I start this post of with a confession. I have never used GPG. I never discounted its usefulness, but never took the time start using it. I recently was sent my invite for Keybase.io and I want to start using it. In this post, I am describing what I had to do in order to start signing my git commits and have them show up correctly in Github.
To get started, you need some pre-requisites:
- A Github account
- A Keybase.io Account
- GPG installed
- I’m running El Capitan, so I went with GPG Tools.
- pinentry (optional)
- I use MacPorts to install
- I use MacPorts to install
Add keybase key to GPG keychain
I first followed the steps from How to import Keybase private key to use locally with GPG to export my private key from keybase and import it into my gpg keychain. I cannot confirm step 3 because I used the GUI instead of the command line, but I expect both are the same. The end goal is to have your GPG key from keybase installed locally. Once it is in there, be sure to set the
Ultimate. I’m sure there is a command to do this, but I did it from the GUI under details. If this is not set, git will print warnings for your signatures:
gpg: WARNING: This key is not certified with a trusted signature! gpg: There is no indication that the signature belongs to the owner.
Add Key to github
Next I jumped over to Github GPG + Keybase PGP. If you already added your email addresses to your keybase key during creation, you can skip the first three steps and jump right into adding your GPG key into github.
Enable sign for all commits
I then followed the steps to associate my key with my repository and set it to always sign during commits:
git config user.signingkey firstname.lastname@example.org git config commit.gpgsign true
I used the “per repository” configuration, but like most everything in git, you can use the
--global flag to set those values globally.
Configure GPG Agent to manage the passphrase
If you stop now, you will be prompted to type in your keybase.io passphrase each time you sign a commit. However, you can configure the
gpg-agent to handle the passphrase. I followed the steps from Automatic Git commit signing with GPG on OSX and had only one problem.

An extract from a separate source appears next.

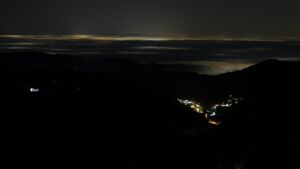 Dieses Bild zeigt eine Webcam-Aufnahme vom Achertal, aufgenommen am Samstag, den 22.11.2025 um 05:40 Uhr. Die Temperatur betrug -5.4°C.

I used MacPorts to install
pinentry-mac and unlike what is specified in the gist, the install path for me was different. I used the following configuration for
default-cache-ttl 600 max-cache-ttl 7200 pinentry-program /Applications/MacPorts/pinentry-mac.app/Contents/MacOS/pinentry-mac
Try it out
To ensure a valid test, I first ran
killall -9 gpg-agent to ensure no pre-existing agents were running. Then I opened a fresh terminal, to ensure the scripts would run. Finally, I made my first commit. The agent prompted me for my passphrase. I only need to type it in once because it will be managed by my keychain now. To ensure things were well, I ran
git log --show-signature.
commit e1f0697c2181dc33c5cb18df871384f795c1286b gpg: Signature made Sat Jul 30 21:12:25 2016 EDT using RSA key ID 31F122EF gpg: Good signature from "Phillip Green II <email@example.com>" [ultimate] gpg: aka "Phillip Green II <firstname.lastname@example.org>" [ultimate] Author: Phillip Green II <email@example.com> Date: Sat Jul 30 21:11:18 2016 -0400 add keybaseio
After pushing to github, I was met with the following:
All in all, there isn’t much to it. I followed a couple blogs with only minor tweaks and now I can sign all of my git commits.